Source material:
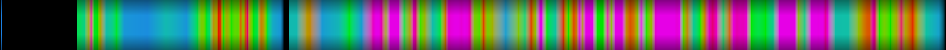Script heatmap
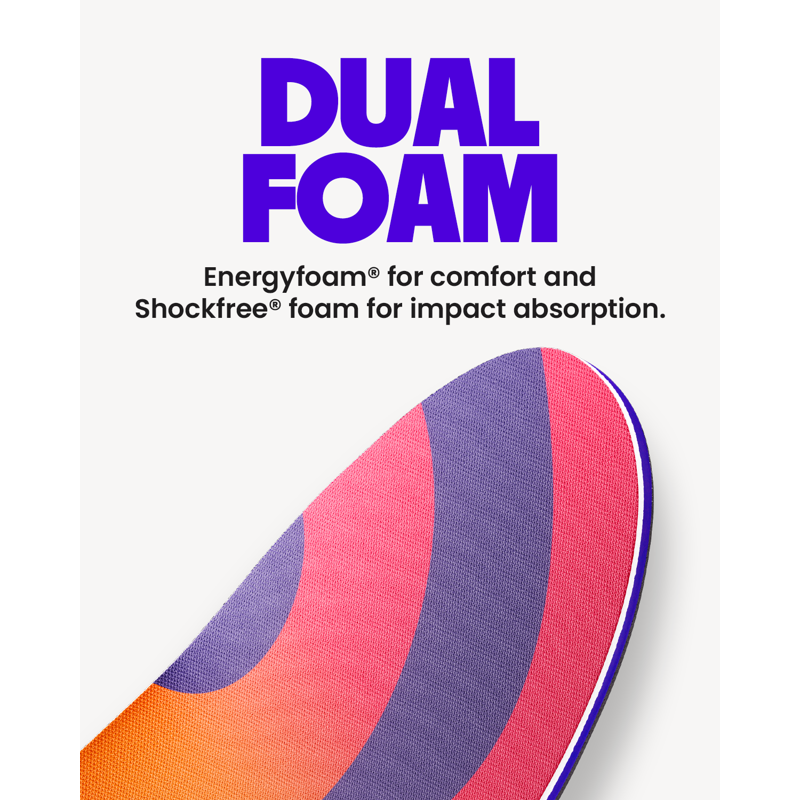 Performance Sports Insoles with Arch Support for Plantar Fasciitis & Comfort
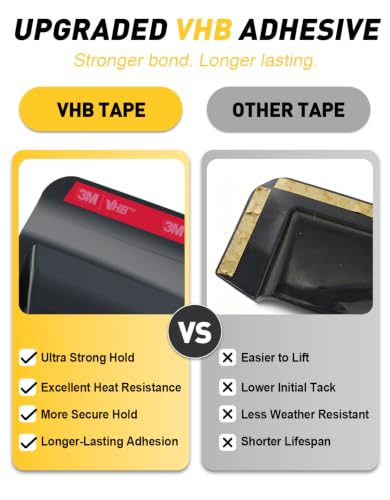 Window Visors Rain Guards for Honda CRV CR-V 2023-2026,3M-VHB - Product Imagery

Assigned task:
Repeat the data word for word; drop the pictures.

Problem solution:
Script heatmap
 Performance Sports Insoles with Arch Support for Plantar Fasciitis & Comfort
 Window Visors Rain Guards for Honda CRV CR-V 2023-2026,3M-VHB - Product Imagery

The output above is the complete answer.